Şöyle bir zap yaptığınızda sadece Show TV'de "En bir gerçek hakiki öz Televole"ye rastlıyorsunuz. Pazartesileri diğer kanalların "ağır topları" yerli diziler.
"Bant haber" imdada yetişti
Bu Pazartesi de tam böyle, sıradanlardan biriydi. Hatta öyle sıradandı ki, "Asmalı Konak" reklam arası verdiğinde, zaplayıp izleyecek bir şeyler bulmak mümkün olmadı. Tam bu sırada televizyonların bir numaralı kurtarıcısı "bant haberler" imdada yetişti.
Sakin bir gece geçirmenin genel olarak imkansız olduğunu bilenler zaten fırtına öncesi sessizlikten şüphelenmişlerdi. Şüpheleri haklı çıktı, altyazı aynen şöyleydi; "Şok... Şok.... Şok.... Derya Tuna vuruldu. Prova çıkışı vurulan Derya Tuna'nın vurulmadan önce söyledikleri az sonra..."
Tahmin edeceğiniz gibi bu yazılar yaklaşık 50 tur döndü. İzleyici olarak bizler, ekran başında meraktan dokuz doğurduk! Sonunda televizyonlar özel haberlerini hazırladılar da, meraktan kurtulduk.
Mafya usulü uyarı kurşunu.. .
Olay son derece sıradan bir ayaktan kurşunlama olayı aslında. 80'li yılların mafya filmlerini ve gazete haberlerini yakalayanlar için basit bir "uyarı kurşunu" olduğu aşikar olan, ama bir sonraki jenerasyon için açıklaması güç olan bir kurşunlama tarzı.
Zira akşam Tuna'nın vurulduğu Günay Restoranın önünden haber yapan genç ama çok genç bir muhabir aynen şöyle söyledi: "Evet, Derya Tuna burada vuruldu, neyse ki saldırgan ıskaladı da Tuna sadece ayağından yaralandı".
Muhabir bize sadece ayağından yaralandı diye mutlu haberi iletti, acaba ona haber merkezinde bunun bir mesaj olduğunu kim iletti?
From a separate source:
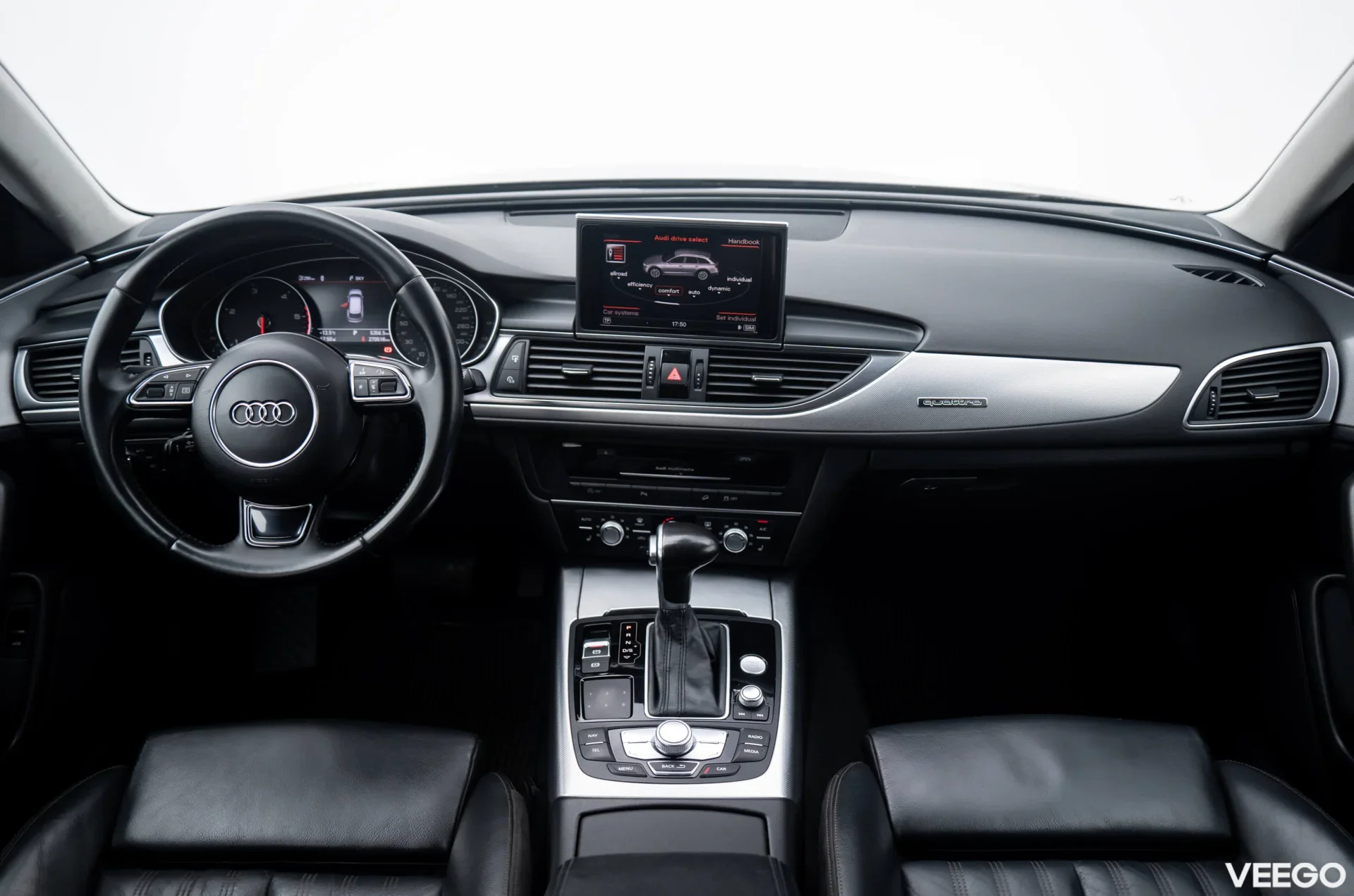 Audi A6 allroad Allroad Quattro 3.0 150kW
Neyse ki gecenin ilerleyen saatlerinde bazı Internet sitelerinde ve gece haberlerinde ayaktan vurmanın "racon icabı" olduğu açıklandı!!!
Gecenin şok olayı böylece yaşandı, televizyon kanalları için de bahane çıktı. Rating kaygısı olan bir gün için bundan daha iyi bir fırsat olamazdı. Kanallar aslında yayın günü olmayan bazı programlarının jeneriklerinin başına "Özel" ibaresini eklediler, magazin müdürleri ekrana çıktı, "bu şok olayı tüm ayrıntılarıyla" yayınlamaya başladı. Kimsenin aklına da durup düşünmek gelmedi.
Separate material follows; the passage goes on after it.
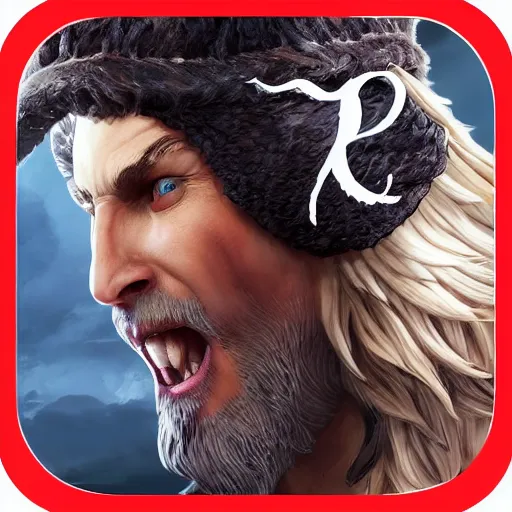 Image similar to divinity original sin 2, div os 2, div 2, group chat icon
"Bir çocuk babasından utanmaz ama annesinden utanır"
Türkiye magazin piyasası bir şey yapmadan ünlü olanların cenneti. Derya Tuna, bu bir şey yapmadan ünlü olanlar kervanına dahil. Tuna'nın hayattaki tek özelliği İbrahim Tatlıses'in "18 yıllık hayat arkadaşı" olması.
Tuna'nın geçen haftaya kadar bir iş yaptığı görülmemiş bu 18 yıl içinde. Geçen hafta bir magazin dergisinin bilmem kaçıncı yıl kutlamalarında sahneye çıktı ve şarkı söyledi Tuna.
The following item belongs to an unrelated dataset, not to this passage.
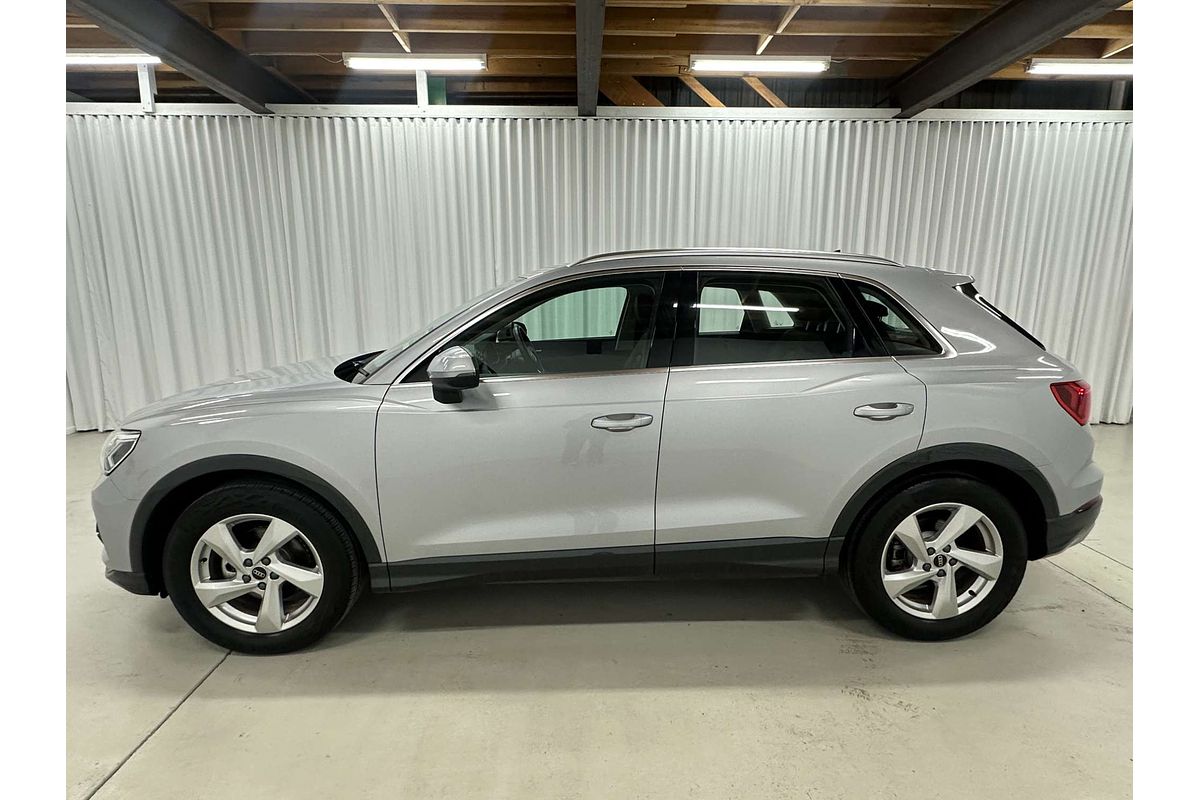 2023 Audi Q3 35 TFSI F3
Zaten ne olduysa ondan sonra oldu. Tuna, sadece göğüslerini ve kalçalarını çiçeklerle örten tamamen transparan bir kıyafetle çıktı sahneye, playback şarkı söyledi, sonraki sabah tüm gazetelerin birinci sayfalarındaydı.
Bir sonraki gün gazetelerin aynı sütunları beklendiği üzere İbrahim Tatlıses'e ayrılmıştı. Tatlıses iki yıl önce ayrıldığı "hayat arkadaşına" kibarca mesaj yolluyordu: "bir çocuk babasından utanmaz ama annesinden utanır..."
Tuna fırsatı tepmedi
Tatlıses'in hayata bakışı ya da mantığı önceki deneyimlerimizden de bildiğimiz gibi tartışılacak gibi değil. Ülkenin gelmiş geçmiş en iyi seslerinden bir olmak, ona aynı zaman da kadın dövmek, "kuma sistemi"ne benzer bir şekilde aynı anda pek çok kadınla beraber olmak ya da "şiddet dünyası"yla içli dışlı olmak hakkını da vermiş belli ki.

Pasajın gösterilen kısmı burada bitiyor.